-- Opening Marker --

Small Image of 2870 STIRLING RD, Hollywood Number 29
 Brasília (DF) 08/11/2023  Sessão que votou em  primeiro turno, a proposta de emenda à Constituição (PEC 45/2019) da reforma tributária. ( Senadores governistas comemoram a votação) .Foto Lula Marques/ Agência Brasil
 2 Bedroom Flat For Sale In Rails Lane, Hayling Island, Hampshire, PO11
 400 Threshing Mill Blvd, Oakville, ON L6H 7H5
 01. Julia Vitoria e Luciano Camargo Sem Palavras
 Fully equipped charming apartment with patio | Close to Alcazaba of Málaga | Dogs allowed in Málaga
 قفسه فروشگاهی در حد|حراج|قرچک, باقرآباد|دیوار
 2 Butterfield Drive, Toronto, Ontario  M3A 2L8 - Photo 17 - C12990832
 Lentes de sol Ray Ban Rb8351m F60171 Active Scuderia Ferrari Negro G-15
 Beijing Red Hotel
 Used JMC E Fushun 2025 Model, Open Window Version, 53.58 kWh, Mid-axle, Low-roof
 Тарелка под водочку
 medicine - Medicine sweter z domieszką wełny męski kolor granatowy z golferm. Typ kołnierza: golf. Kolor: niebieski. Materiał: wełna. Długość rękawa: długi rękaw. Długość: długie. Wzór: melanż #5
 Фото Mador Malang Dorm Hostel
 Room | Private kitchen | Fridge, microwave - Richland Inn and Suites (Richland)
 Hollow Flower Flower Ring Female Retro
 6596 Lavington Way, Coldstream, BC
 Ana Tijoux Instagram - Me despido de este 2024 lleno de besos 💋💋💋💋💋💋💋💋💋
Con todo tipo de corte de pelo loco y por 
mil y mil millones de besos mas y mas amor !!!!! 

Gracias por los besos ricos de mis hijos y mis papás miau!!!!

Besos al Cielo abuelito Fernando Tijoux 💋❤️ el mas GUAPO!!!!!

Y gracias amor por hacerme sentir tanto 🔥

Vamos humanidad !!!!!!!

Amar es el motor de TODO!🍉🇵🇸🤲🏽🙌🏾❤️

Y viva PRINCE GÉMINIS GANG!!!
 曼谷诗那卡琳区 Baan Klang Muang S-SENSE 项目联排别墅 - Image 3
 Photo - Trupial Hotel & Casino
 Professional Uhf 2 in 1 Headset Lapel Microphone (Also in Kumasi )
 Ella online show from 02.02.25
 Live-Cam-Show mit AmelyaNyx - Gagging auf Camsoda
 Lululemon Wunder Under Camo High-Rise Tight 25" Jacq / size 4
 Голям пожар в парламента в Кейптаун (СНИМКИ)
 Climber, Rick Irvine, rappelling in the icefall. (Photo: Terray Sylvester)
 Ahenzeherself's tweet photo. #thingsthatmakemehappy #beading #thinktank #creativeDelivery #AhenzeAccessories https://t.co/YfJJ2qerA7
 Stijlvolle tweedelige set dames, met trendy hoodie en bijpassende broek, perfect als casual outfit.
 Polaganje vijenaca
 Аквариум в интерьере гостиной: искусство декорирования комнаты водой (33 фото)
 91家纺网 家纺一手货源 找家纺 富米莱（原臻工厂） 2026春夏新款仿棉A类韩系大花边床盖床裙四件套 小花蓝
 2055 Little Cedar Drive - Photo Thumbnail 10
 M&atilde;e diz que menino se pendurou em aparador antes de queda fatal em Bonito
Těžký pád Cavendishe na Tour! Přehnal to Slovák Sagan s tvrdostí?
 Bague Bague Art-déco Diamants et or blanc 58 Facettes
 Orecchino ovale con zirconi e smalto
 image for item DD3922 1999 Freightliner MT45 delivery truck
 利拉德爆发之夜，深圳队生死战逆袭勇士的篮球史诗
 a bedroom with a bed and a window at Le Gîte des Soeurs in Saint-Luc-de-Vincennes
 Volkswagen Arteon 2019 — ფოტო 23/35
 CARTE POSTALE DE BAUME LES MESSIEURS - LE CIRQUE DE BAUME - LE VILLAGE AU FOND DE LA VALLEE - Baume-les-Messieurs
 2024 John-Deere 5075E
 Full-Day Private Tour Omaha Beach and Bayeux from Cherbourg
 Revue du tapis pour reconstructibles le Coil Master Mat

-- Closing Marker --

• [TASK DESCRIPTION]:
Number of lines containing "Drive" in the material above: give that number alone.

• [TASK RESULT]:
2